-- The data follows --
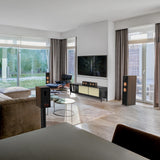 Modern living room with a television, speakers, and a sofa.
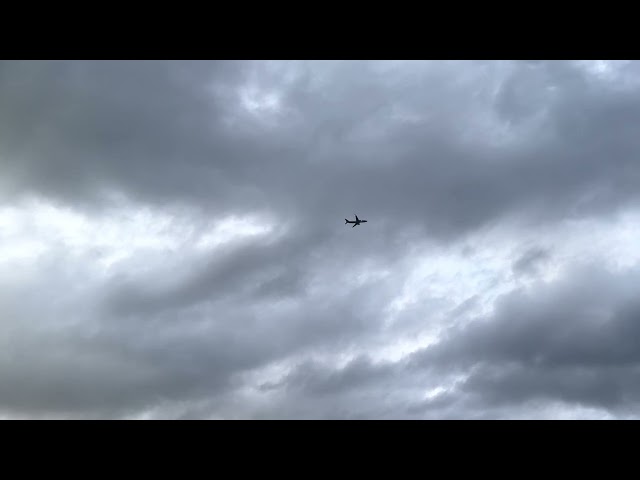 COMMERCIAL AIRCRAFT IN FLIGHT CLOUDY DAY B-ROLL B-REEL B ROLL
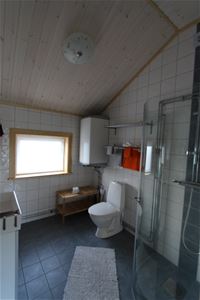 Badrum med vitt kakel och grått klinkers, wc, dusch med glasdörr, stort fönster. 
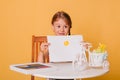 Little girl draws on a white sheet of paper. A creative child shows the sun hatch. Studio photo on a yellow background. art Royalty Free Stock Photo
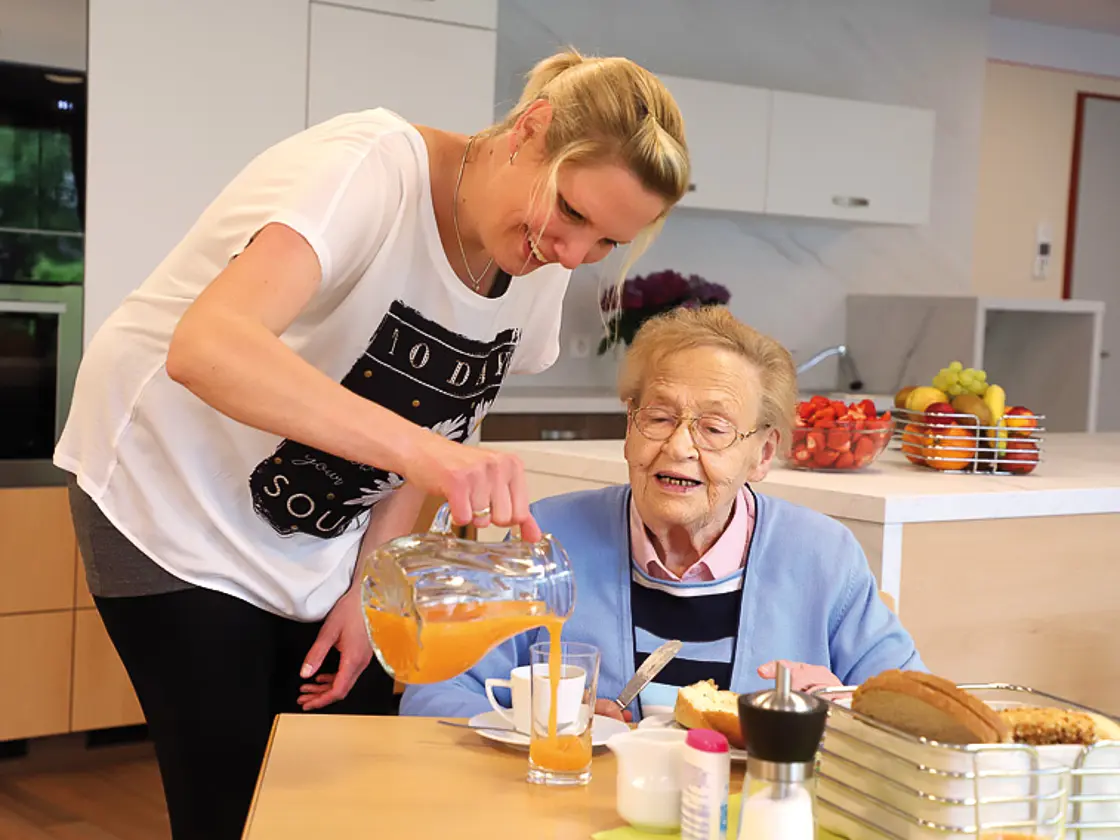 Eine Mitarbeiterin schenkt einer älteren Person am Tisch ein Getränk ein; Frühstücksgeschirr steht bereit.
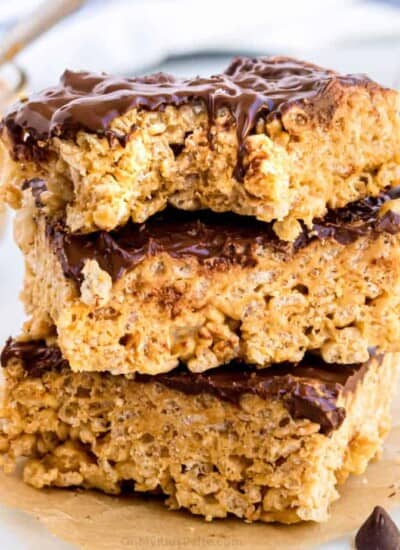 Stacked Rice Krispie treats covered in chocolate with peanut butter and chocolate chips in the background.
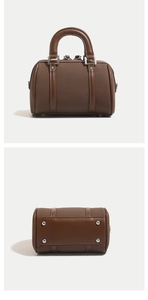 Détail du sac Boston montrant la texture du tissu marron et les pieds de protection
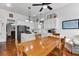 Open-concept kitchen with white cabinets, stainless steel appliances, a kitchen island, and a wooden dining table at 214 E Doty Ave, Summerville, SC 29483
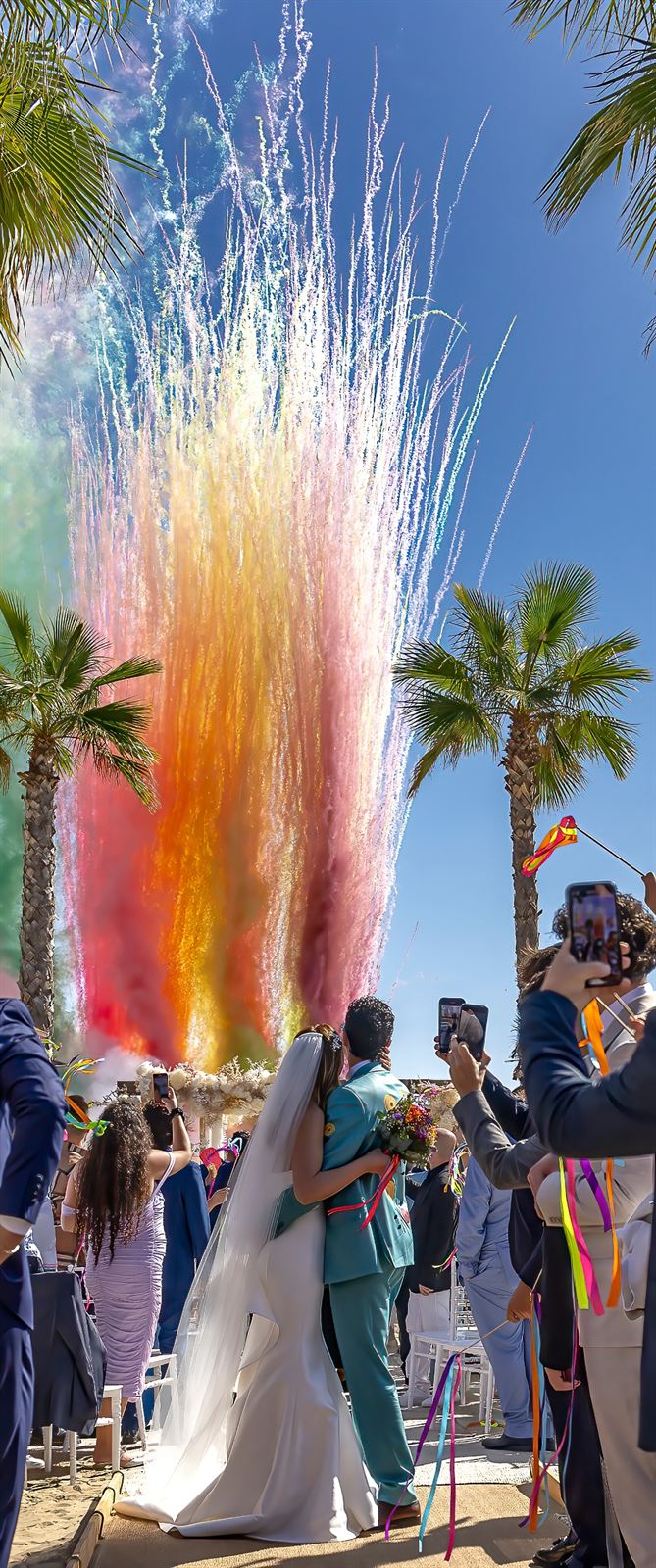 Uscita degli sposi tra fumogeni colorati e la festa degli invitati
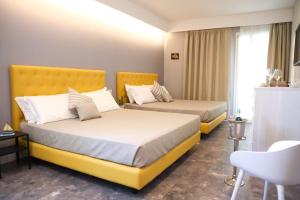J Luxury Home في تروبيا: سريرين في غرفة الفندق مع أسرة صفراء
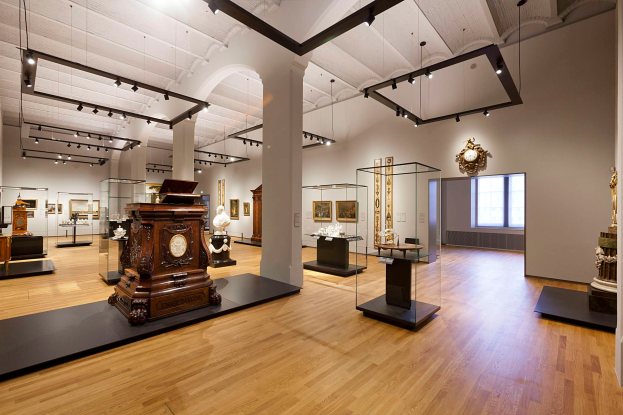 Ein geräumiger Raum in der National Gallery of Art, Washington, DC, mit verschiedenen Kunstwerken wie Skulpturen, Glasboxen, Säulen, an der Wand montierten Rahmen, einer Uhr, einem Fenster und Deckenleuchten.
-- The data concluded --
- [Problem description]:
The line with "Uscita degli sposi" marks the start, and the last line of the material marks the end. Reproduce exactly those two lines and every line between them, without the pictures.

- [Answer box]:
 Uscita degli sposi tra fumogeni colorati e la festa degli invitati
J Luxury Home في تروبيا: سريرين في غرفة الفندق مع أسرة صفراء
 Ein geräumiger Raum in der National Gallery of Art, Washington, DC, mit verschiedenen Kunstwerken wie Skulpturen, Glasboxen, Säulen, an der Wand montierten Rahmen, einer Uhr, einem Fenster und Deckenleuchten.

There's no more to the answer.